In fact, no, tag.object.hexsha
is not what I'm looking for.
More data: technically this is an encoding error in the data itself:
In [11]: stream= pricing.odb.stream(tag.object.binsha)
In [12]: stream.read()
Out[12]: 'object 4b50858c4debda3ad5d6ea5b7a485cd4eb5ecc73\ntype commit\ntag PROMOTED_1501131729_MKT15_01_12_QU_1\ntagger \xa8John Doe <jdoe@megacorp.com> 1421167136 +0100\n\nMerged CIU_MKT1501_28 to remote master\n'
You can see the offensive character just before the tagger's name (technically being part of it). In the other hand, I don't know even if git handles this, but what happens when different objects are encoded with different encodings? I'm pretty sure git objects do not store this kind of info...
Using the tag.object
it should be straightforward to obtain the raw-bytes stored in the tag-object, in case this is what you are actually looking for. Those represent a few formatted lines of information, which could be parsed with code similar to the one currently in use.

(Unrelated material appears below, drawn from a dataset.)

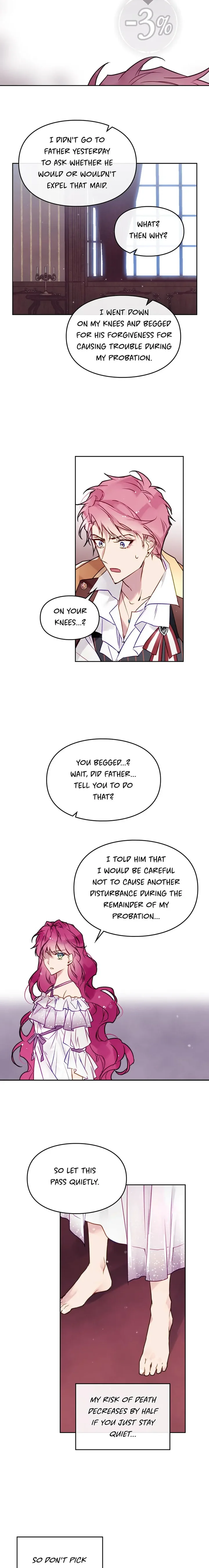 Villains Are Destined to Die Chapter 11 — Page 4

Parsing can only safely operate on bytes though, as the encoding seems not to be UTF-8 at all times.
Even if parsing is made to work at some point, right now the tagger-name are expected to be str/unicode
instances, which couldn't be obtained if the encoding of the underlying bytes are unknown.
What about using decode(defenc, 'ignore')
? I hope it doesn't break anything else. I'll try that locally.
Great idea ! Of course it's questionable whether the program should silently drop information, instead of loudly abort operation as it currently does. It seems that it's generally unwise to make assumptions about the encoding in TagObjects, so the implementation should leave it to the client to deal with that and provide byte-strings only.
But that would be against your policy of handling as much as possible as unicode
(if I correctly understood #312)...
BTW, that fixed my particular problem, but I guess you don't want the PR just yet...
But how would you want to produce proper unicode strings if the encoding is unclear ? It's unsafe to try it, which is showing in this example. The truth is that I am not entirely sure how git itself handles encodings, and it might be that GitPython actually went down a wrong path by trying to just decode textual data as UTF-8. The latter works most of the time, but that's not really good enough.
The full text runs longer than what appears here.